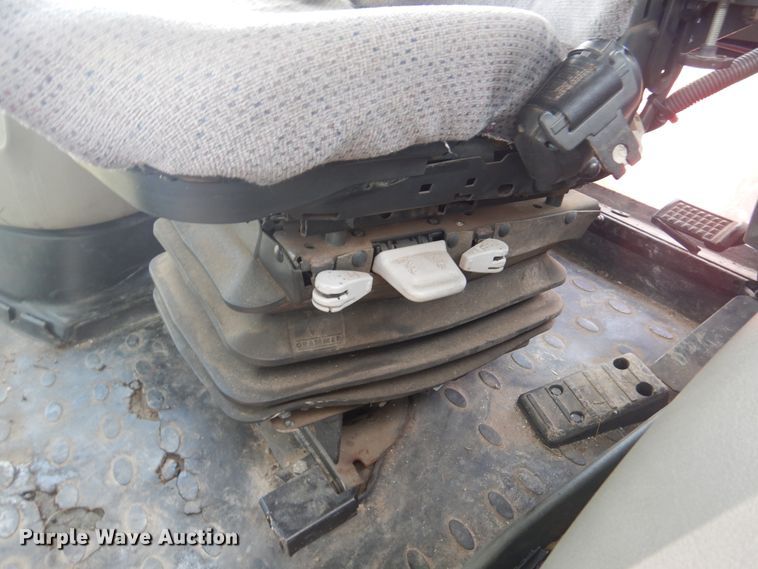 image for item DM6423 Valtra T190  MFWD bi-directional tractor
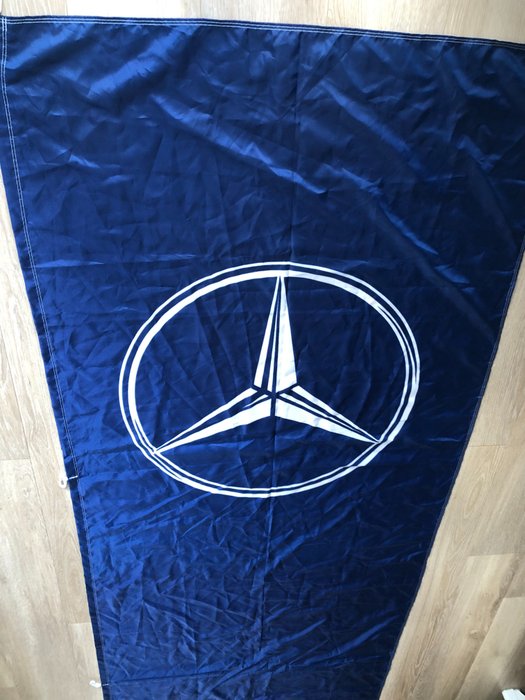 Przedmiot Dekoracyjny - Mercedes-Benz - Mercedes-Benz Dealer Vlag Banner (450 cm. / Made in Germany)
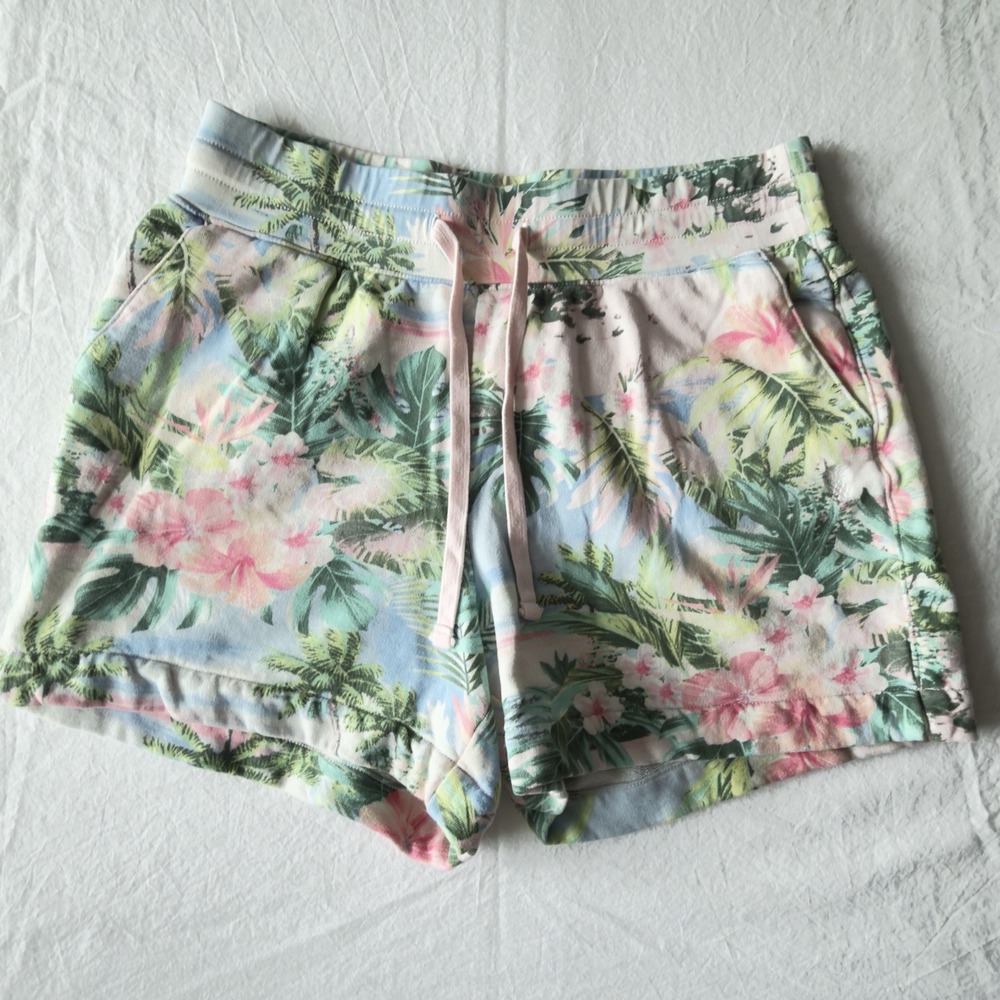 Tommy Bahama Women's Short Aloha Print Size L —— READ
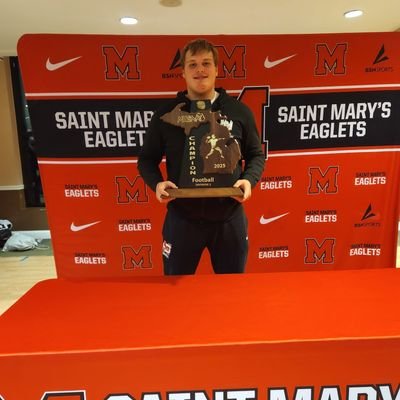 BigKolarchick's profile picture. 2024 and 2025 2x STATE CHAMP!  Offers: 5 | 3.91 GPA, NHS | 2026 | Left OT, OG | 6'6, 297lbs | WS: 6'10 | BP: 325| 
Instagram: JohnKolarchick2026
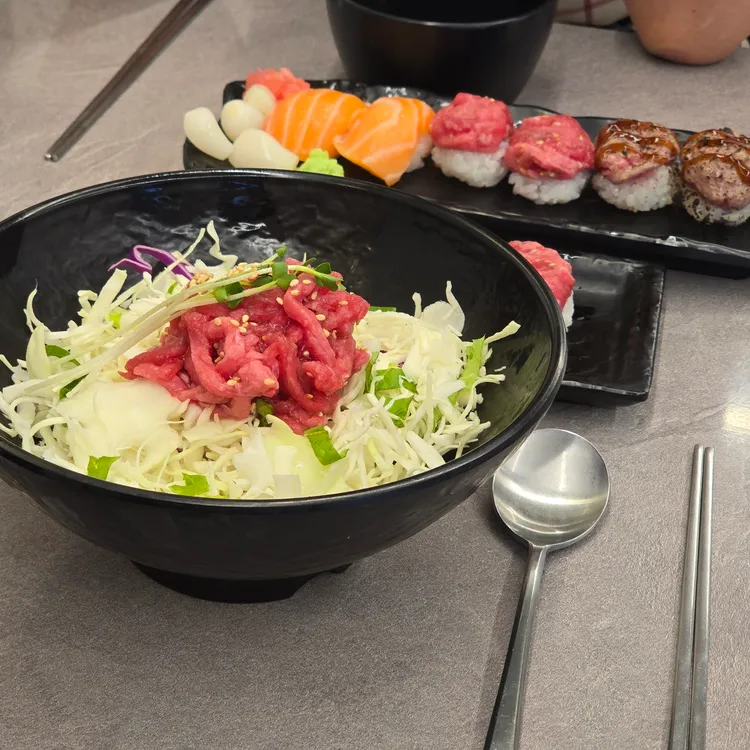 육회바른연어 사진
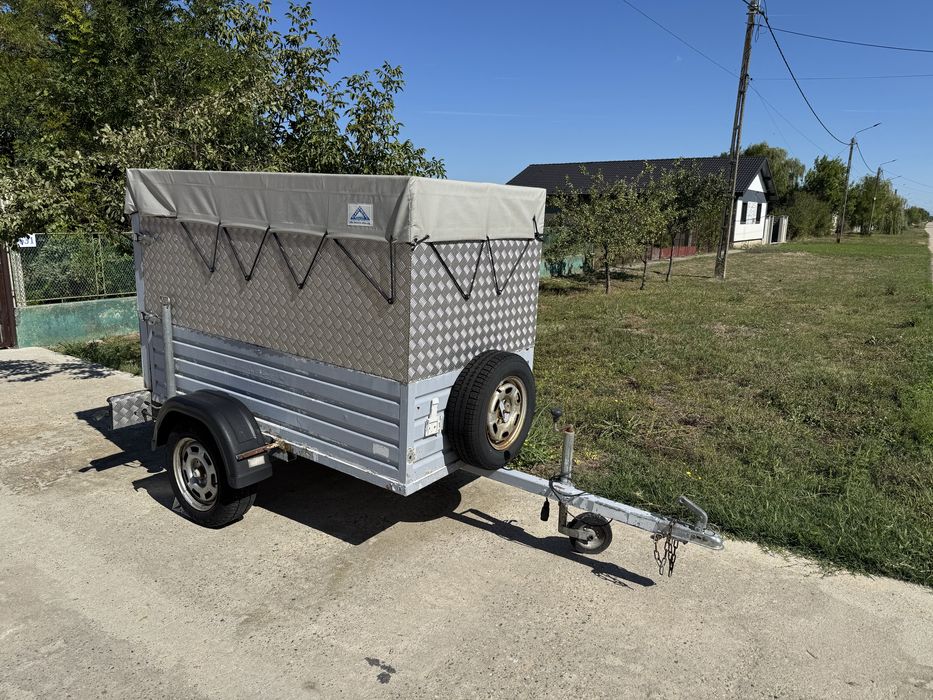 Vand remorca de 750kg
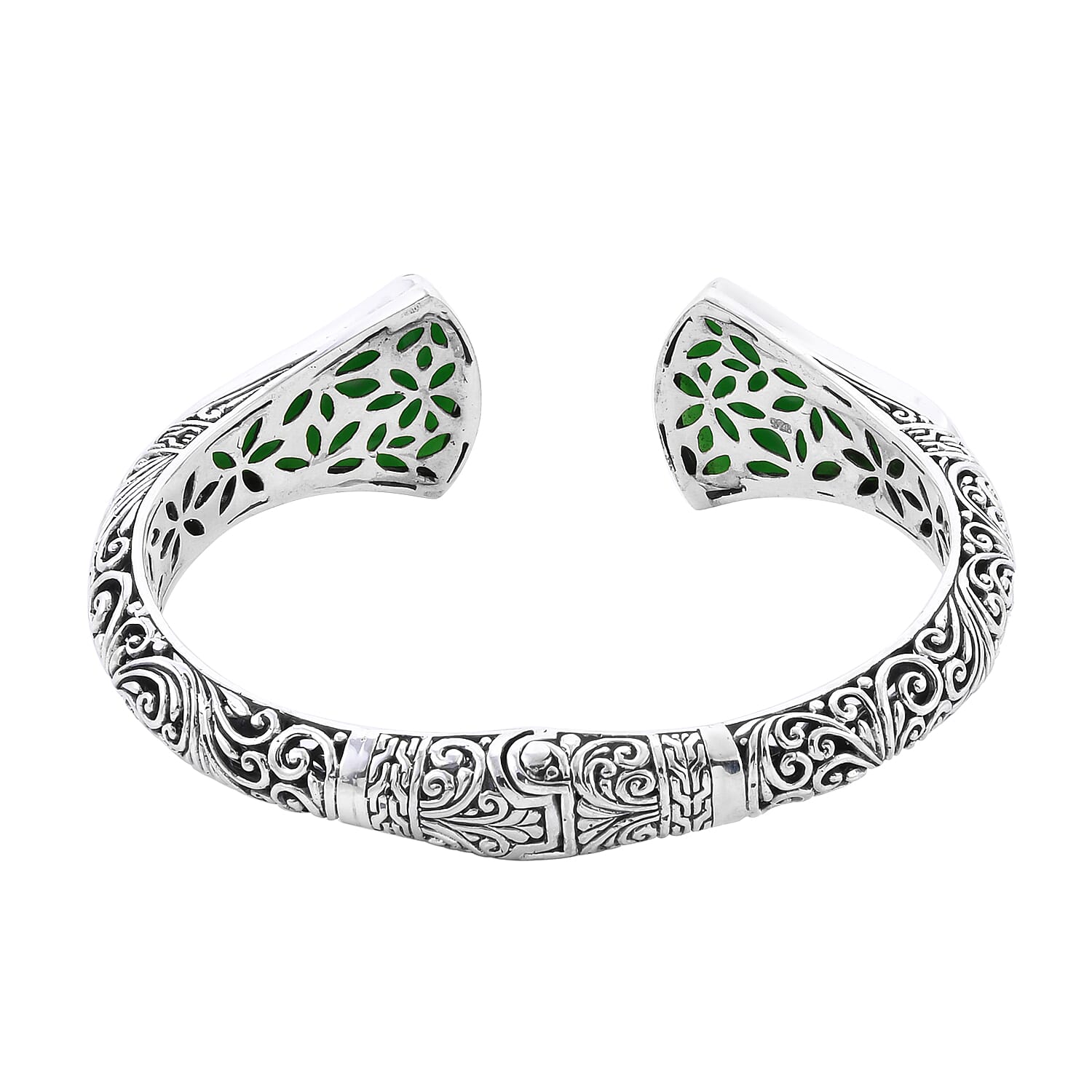 Bali Legacy Green Jade (D) Carved Cuff Bracelet in Sterling Silver (7.25 In) 46.00 ctw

==========

THE PROBLEM: Keep the pictures out and transcribe the listing exactly.

RESULT FOR THIS TASK:
 image for item DM6423 Valtra T190  MFWD bi-directional tractor
 Przedmiot Dekoracyjny - Mercedes-Benz - Mercedes-Benz Dealer Vlag Banner (450 cm. / Made in Germany)
 Tommy Bahama Women's Short Aloha Print Size L —— READ
 BigKolarchick's profile picture. 2024 and 2025 2x STATE CHAMP!  Offers: 5 | 3.91 GPA, NHS | 2026 | Left OT, OG | 6'6, 297lbs | WS: 6'10 | BP: 325| 
Instagram: JohnKolarchick2026
 육회바른연어 사진
 Vand remorca de 750kg
 Bali Legacy Green Jade (D) Carved Cuff Bracelet in Sterling Silver (7.25 In) 46.00 ctw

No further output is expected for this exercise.